1704391 - Crash in [@ shutdownhang | nsThreadManager::Shutdown]

Sebastian Hengst [:aryx] (needinfo me if it's about an intermittent or backout)

Reporter

Description

•

4 years ago

All crashes on Windows, single crashes per build ID starting in early March, 2+ crashes starting with 20210407094544.

Crash report: https://crash-stats.mozilla.org/report/index/500b3371-f6b6-4e1f-9d9f-315900210411

MOZ_CRASH Reason: MOZ_CRASH(Shutdown hanging after all known phases and workers finished.)

Top 10 frames of crashing thread:

0 ntdll.dll NtWaitForAlertByThreadId 
1 ntdll.dll RtlSleepConditionVariableSRW 
2 kernelbase.dll SleepConditionVariableSRW 
3 mozglue.dll mozilla::detail::ConditionVariableImpl::wait mozglue/misc/ConditionVariable_windows.cpp:50
4 xul.dll nsThread::ProcessNextEvent xpcom/threads/nsThread.cpp:1093
5 xul.dll NS_ProcessNextEvent xpcom/threads/nsThreadUtils.cpp:548
6 xul.dll nsThreadManager::Shutdown xpcom/threads/nsThreadManager.cpp:459
7 xul.dll mozilla::ShutdownXPCOM xpcom/build/XPCOMInit.cpp:653
8 xul.dll ScopedXPCOMStartup::~ScopedXPCOMStartup toolkit/xre/nsAppRunner.cpp:1668
9 xul.dll XREMain::XRE_main toolkit/xre/nsAppRunner.cpp:5556

Jens Stutte [:jstutte]

Comment 1

•

4 years ago

•

Edited

The direction of duping is not 100% clear to me, but this seems to be the same as bug 1505660 and/or bug 1524247.

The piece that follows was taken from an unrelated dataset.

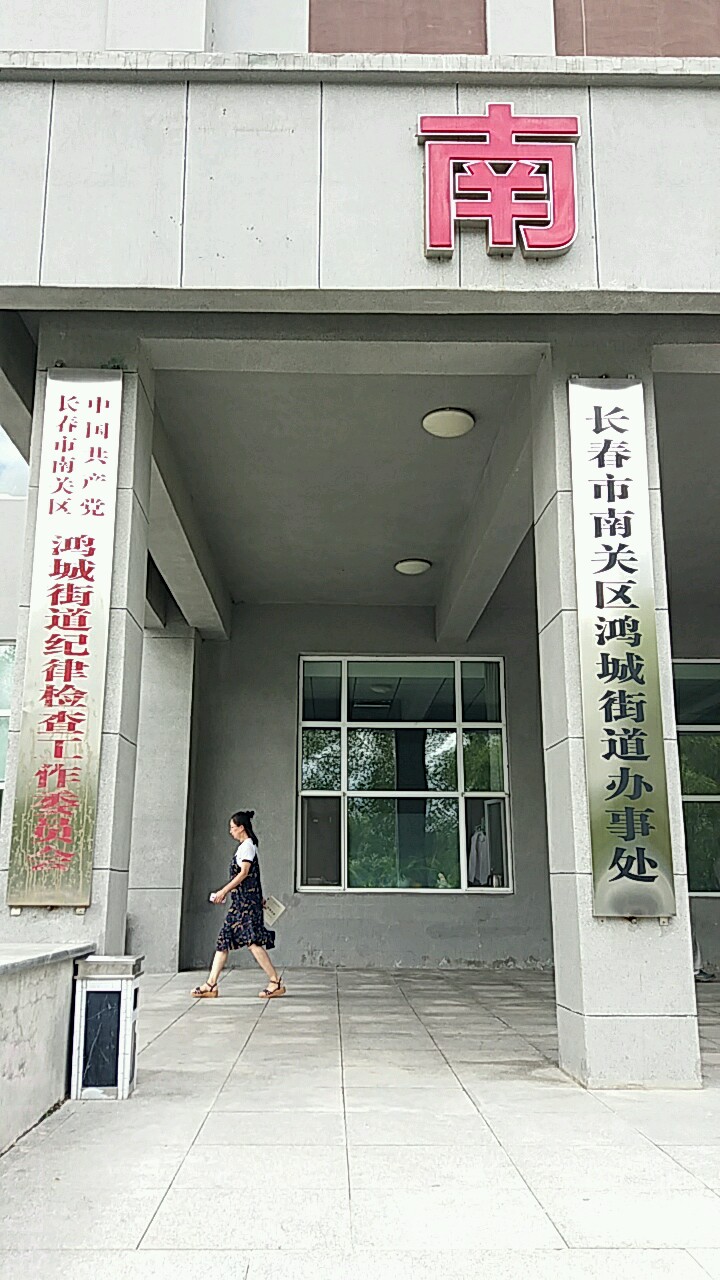 吉林省长春市南关区鸿城街道家苑路399号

Basically we get into late XPCOM shutdown and the main thread hangs here, which makes us wait here until all threads' close promises resolve. In the stack traces I looked at, all threads seemed to be idling when this happens, which would indicate that something goes wrong.

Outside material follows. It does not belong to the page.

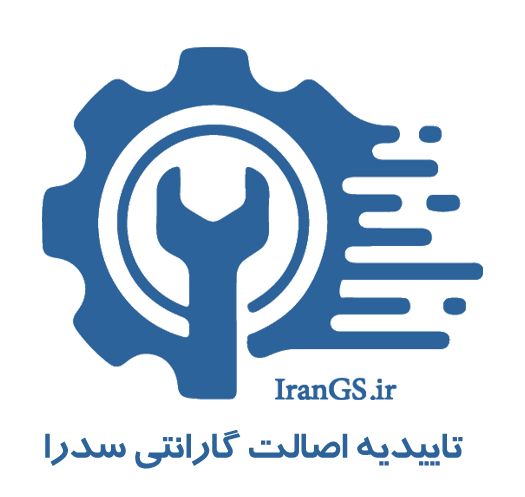 سامانه جامع گارانتی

This kind of crashes always existed, but I see some recent changes around canceling pending delayed runnables in bug 1695580 that might be related to the latest spikes so ni also in the hope that :pehrsons knows more about this code.

Flags: needinfo?(apehrson)

Jens Stutte [:jstutte]

Updated

•

4 years ago

Comment 2

•

4 years ago

•

Edited

Well, if we hang on nsThreadManager::Shutdown, that means we're past the (sync) nsThreadManager::CancelBackgroundDelayedRunnables already, so I don't see how bug 1695580 could be the direct cause of these hangs.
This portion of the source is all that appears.